A VISION by five ambitious Runcorn parents to create Halton's first free secondary school has reached a historic milestone.

Pupils and teachers have moved into an innovative £12 million building in Sandymoor, with space to accommodate 900 pupils aged 11 to 18.

The school opened two years ago in temporary premises and now has 176 pupils in years seven to 10 and 35 staff.

A sixth-form is set to be launched in September, 2015, and the school has pledged to share its facilities with the community.

Dad-of-two Richard Eastburn, aged 40, a sales and marketing director, of Sandymoor, and five of his neighbours have worked tirelessley to fulfill their goal.

The school was ranked 'good' in its first Ofsted inspection earlier this year with leadership and management hailed 'outstanding'.

He said: "We are very proud of what we have achieved.
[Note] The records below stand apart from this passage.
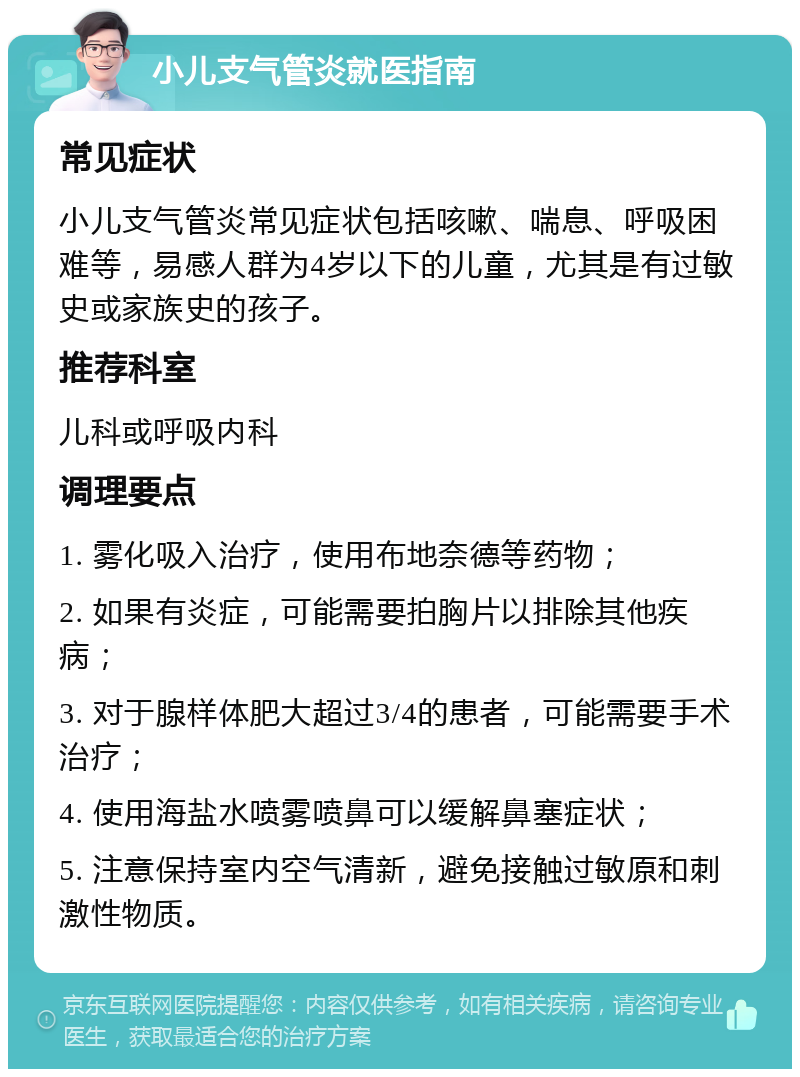 小儿支气管炎就医指南 常见症状 小儿支气管炎常见症状包括咳嗽、喘息、呼吸困难等，易感人群为4岁以下的儿童，尤其是有过敏史或家族史的孩子。 推荐科室 儿科或呼吸内科 调理要点 1. 雾化吸入治疗，使用布地奈德等药物； 2. 如果有炎症，可能需要拍胸片以排除其他疾病； 3. 对于腺样体肥大超过3/4的患者，可能需要手术治疗； 4. 使用海盐水喷雾喷鼻可以缓解鼻塞症状； 5. 注意保持室内空气清新，避免接触过敏原和刺激性物质。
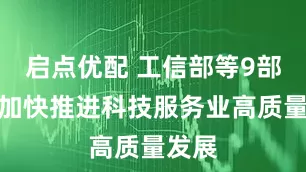 启点优配 工信部等9部门：加快推进科技服务业高质量发展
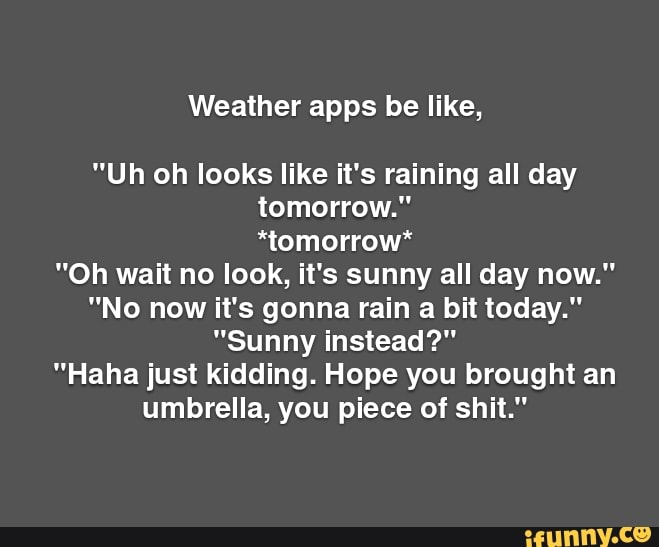 Weather apps be like, "Uh oh looks like it's raining all day tomorrow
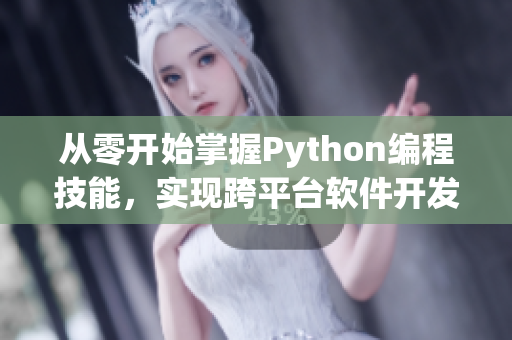 從零開(kāi)始掌握Python編程技能，實(shí)現(xiàn)跨平臺(tái)軟件開(kāi)發(fā)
We wanted to have a secondary school in the heart of our community.

"This will give increased choice of very high quality education to students in Halton.

"We have inspirational teachers, an inspirational building and an inspirational way of teaching pupils.

"Standing inside it brings on all the emotions of what we have gone through.

"It is absolutely amazing and was a true team effort.

Mr Eastburn and the other founder Sandymoor parents, Andrew Lockyer, Bryan Jones, Jonathan Snow and Jo Wakefield vowed to send their children to their school.

Jo's daughter, Grace, was the first to enrol on Tuesday.

Head teacher Andy Green-Howard, aged 45, a former physics teacher, quit as deputy head of Bolton Independent Day School to take up his post.

He said: "I did take a huge risk, giving up a safe, secure job, because I believe 100 per cent in this vision.

"This has been an opportunity in a million. It has been an amazing journey.

"People in national education will look at Halton and see us as a shining example of what education can be.

"In March, we had over 500 applications for four teaching posts which shows that we are now a school where people want to come and work.

"What is so invigorating and rewarding is that we have created a fresh approach to learning.

"We have become a beacon."

He said 70 per cent of pupils walk or cycle to school.

Children will grow fruit and vegetables in an organic allotment, learn how to keep bees and make honey.

Students will be encouraged to set up their own businesses and follow healthy lifestyles, served with freshly cooked food and drink throughout the day filling bottles from chilled water fountains.